Despite the great accomplishments of the Irish in art and culture throughout human history there’s few that meet you on the road who’ll accuse you of being James Joyce or expect you to be quick with a verse as Yeats. No, chances are that those you meet who catch your last name will size you up as a short tempered, quick knuckled fool of a tough bastard.
Being considered a fighter is not necessarily a bad thing. A tough reputation can make for soft fists if played right. But this reputation of a people was not earned easily and not everyone is hungry for a scrap. If the Irish are a breed of fighters then it’s owing to much time spent staring out at the world, backs against the wall.
This is not the fight as the struggle of life, working to provide for a family, though that’s there too, but in truth the fight to survive as a people and nation. For over a thousand years, since the time of the Viking raids, Ireland was ssen as a fine piece of emerald in the eyes of outsiders and a prize for foreign kings to be plucked and joined neatly to their crown.
Ever since the end of Gaelic Ireland at the hands of the Tudors, Ireland has seen long and frequent periods of war and oppression. The English would repeatedly twist and manuever the rule of the country to benefit their handpicked Viceroys. The outside aristocrats never considered that their influence, opinions or presence were not wanted.
They only considered the Irish angry and foolish and saw in the country an opportunity for tariffs and other revenues. It forges a hard spirit and drains the want to quit after a few turns at this.
The Great Famine itself could occur in part because of hands-off, distant rule, the result of empty-headed if not outright malicious decrees taking from the people as though they were nothing, leaving many in rural counties with no means to live.

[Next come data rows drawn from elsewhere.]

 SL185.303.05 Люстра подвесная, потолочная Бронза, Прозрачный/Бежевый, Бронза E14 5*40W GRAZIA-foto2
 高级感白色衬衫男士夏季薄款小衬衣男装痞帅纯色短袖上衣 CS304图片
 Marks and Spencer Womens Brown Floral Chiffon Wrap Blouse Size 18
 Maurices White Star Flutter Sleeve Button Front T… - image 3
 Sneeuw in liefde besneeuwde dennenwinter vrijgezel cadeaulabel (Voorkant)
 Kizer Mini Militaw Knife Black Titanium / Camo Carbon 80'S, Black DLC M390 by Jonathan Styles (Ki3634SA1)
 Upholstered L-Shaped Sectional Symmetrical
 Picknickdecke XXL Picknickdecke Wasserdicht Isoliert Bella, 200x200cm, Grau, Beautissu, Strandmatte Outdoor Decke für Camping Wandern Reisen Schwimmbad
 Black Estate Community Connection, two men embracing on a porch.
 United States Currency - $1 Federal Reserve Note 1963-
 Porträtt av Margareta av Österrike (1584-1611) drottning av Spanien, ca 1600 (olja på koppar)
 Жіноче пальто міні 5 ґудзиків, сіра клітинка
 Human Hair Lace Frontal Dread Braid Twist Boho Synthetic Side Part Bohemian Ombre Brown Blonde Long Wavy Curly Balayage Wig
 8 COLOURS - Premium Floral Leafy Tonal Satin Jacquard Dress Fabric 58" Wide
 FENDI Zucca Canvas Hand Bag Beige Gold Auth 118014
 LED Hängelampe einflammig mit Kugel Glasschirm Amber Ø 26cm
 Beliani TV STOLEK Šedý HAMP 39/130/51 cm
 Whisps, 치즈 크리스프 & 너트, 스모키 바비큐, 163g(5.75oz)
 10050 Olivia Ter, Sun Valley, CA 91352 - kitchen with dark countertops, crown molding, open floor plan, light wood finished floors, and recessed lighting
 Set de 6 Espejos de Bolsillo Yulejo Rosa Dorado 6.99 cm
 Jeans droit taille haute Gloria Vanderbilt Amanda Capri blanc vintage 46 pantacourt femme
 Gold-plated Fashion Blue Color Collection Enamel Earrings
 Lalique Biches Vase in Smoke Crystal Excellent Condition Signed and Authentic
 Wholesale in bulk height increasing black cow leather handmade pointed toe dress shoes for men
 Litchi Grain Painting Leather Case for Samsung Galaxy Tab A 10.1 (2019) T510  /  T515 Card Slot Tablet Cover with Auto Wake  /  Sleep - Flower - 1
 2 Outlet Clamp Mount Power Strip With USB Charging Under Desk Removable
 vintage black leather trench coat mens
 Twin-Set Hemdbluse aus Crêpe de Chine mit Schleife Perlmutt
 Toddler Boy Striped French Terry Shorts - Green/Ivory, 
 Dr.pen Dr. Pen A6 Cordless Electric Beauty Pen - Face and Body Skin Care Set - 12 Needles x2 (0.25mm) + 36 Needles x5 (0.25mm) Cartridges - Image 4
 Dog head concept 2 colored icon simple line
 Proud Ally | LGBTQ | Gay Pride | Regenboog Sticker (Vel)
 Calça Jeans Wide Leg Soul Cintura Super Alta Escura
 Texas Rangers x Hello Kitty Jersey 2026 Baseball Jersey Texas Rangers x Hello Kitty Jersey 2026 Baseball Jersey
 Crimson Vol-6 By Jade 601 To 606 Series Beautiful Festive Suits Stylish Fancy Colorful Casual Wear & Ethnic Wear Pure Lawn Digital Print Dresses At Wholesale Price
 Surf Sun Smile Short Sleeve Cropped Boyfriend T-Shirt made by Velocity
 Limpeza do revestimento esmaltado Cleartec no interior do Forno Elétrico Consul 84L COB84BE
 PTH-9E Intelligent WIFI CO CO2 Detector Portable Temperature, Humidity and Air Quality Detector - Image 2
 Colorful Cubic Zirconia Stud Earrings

These years of loss and foreign meddling stoked a yearning for freedom that would give way to civil war and the long years of the Troubles giving the 20th Century a people of rebels of freedom fighters.
Some of the clearest images others hold of the Irish are polished by popular culture including the tough reputation of early Irish-American boxers, the pride of the Fighting Irish of Notre Dame or more recently, the humor of the Big Strong Man. But underneath the Leprechaun logos and self-deprecating storytelling are a real people who have fought for generations not for cheap spite, or boredom, not from liquor or prize money but passion and cause.
We are fighters by birth, handed conflict in heritage. And bless Joyce, Yeats and the rest for the rare opportunity they had to sit and show what talent Ireland holds when not called upon to stand and deliver.
Let it never be said that the Irish are ill set, only fair and obliging to any else that are.